This invention has been achieved in the light of the above-mentioned problems, and it is an object of the invention to provide a voice labeling error detecting system, a voice labeling error detecting method and a program for automatically detecting an error in labeling the data representing the voice.

In order to accomplish the above object, according to a first aspect of the invention, there is provided a voice labeling error detecting system including:

data acquisition means for acquiring the waveform data representing a waveform of a unit voice and the labeling data for identifying the kind of the unit voice;

classification means for classifying the waveform data acquired by the data acquisition means into the kinds of unit voice, based on the labeling data acquired by the data acquisition means;

evaluation value decision means for specifying a frequency of a formant of each unit voice represented by the waveform data acquired by the data acquisition means and determining an evaluation value of the waveform data based on the specified frequency; and

error detection means for detecting the waveform data, from among a set of waveform data classified into the same kind, for which a deviation of evaluation value within the set reaches a predetermined amount, and outputting the data representing the detected waveform data, as waveform data having a labeling error.

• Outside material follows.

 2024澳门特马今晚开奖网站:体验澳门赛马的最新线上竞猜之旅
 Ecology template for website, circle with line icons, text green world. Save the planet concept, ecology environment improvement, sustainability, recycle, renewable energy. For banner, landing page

The evaluation value may be a linear combination of the values {|f(k)−F(k)|} where the value of k is an integer from 1 to n, assuming that F(k) is the frequency of the k-th formant of a unit voice indicated by the waveform data to calculate the evaluation value, and f(k) is the average value of the frequency of the k-th formant of the unit voice indicated by the waveform data classified into the same kind as the waveform data.

Or the evaluation value may be a linear combination of plural frequencies of formants in the spectrum of acquired waveform data.

The evaluation value deciding means may deal with the frequency at the maximal value of the spectrum in the waveform data as the frequency of formant of unit voice indicated by the waveform data.

The evaluation value deciding means may specify the order of formant used to decide the evaluation value of the waveform data as the kind of unit voice indicated by the waveform data, corresponding to the kind of labeling data.

The error detection means may detect the waveform data associated with the labeling data indicating a voiceless state at which the magnitude of voice represented by the waveform data reaches a predetermined amount as the waveform data in which the labeling has an error.

The classification means may comprise means for concatenating each waveform data classified into the same kind in the form in which two adjacent pieces of waveform data sandwiches data indicating the voiceless state therebetween.

According to a second aspect of the invention, there is provided a voice labeling error detecting method including the steps of:

acquiring the waveform data representing a waveform of a unit voice and the labeling data for identifying the kind of the unit voice;

classifying the acquired waveform data into the kinds of unit voice, based on the acquired labeling data;

specifying a frequency of a formant of each unit voice represented by the waveform data and deciding an evaluation value of the waveform data based on the specified frequency; and

detecting the waveform data having a labeling error, from among a set of waveform data classified into the same kind, in which a deviation of evaluation value within the set reaches a predetermined amount and outputting data representing the detected waveform data.

According to a third aspect of the invention, there is provided a program for enabling a computer to operate as:

data acquisition means for acquiring the waveform data representing a waveform of a unit voice and the labeling data for identifying the kind of the unit voice;

classification means for classifying the waveform data acquired by the data acquisition means into the kinds of unit voice, based on the labeling data acquired by the data acquisition means;

evaluation value decision means for specifying a frequency of a formant of each unit voice represented by the waveform data acquired by the data acquisition means and deciding an evaluation value of the waveform data based on the specified frequency; and

error detection means for detecting the waveform data having a labeling error, from among a set of waveform data classified into the same kind, in which a deviation of evaluation value within said set reaches a predetermined amount, and outputting the data representing the detected waveform data.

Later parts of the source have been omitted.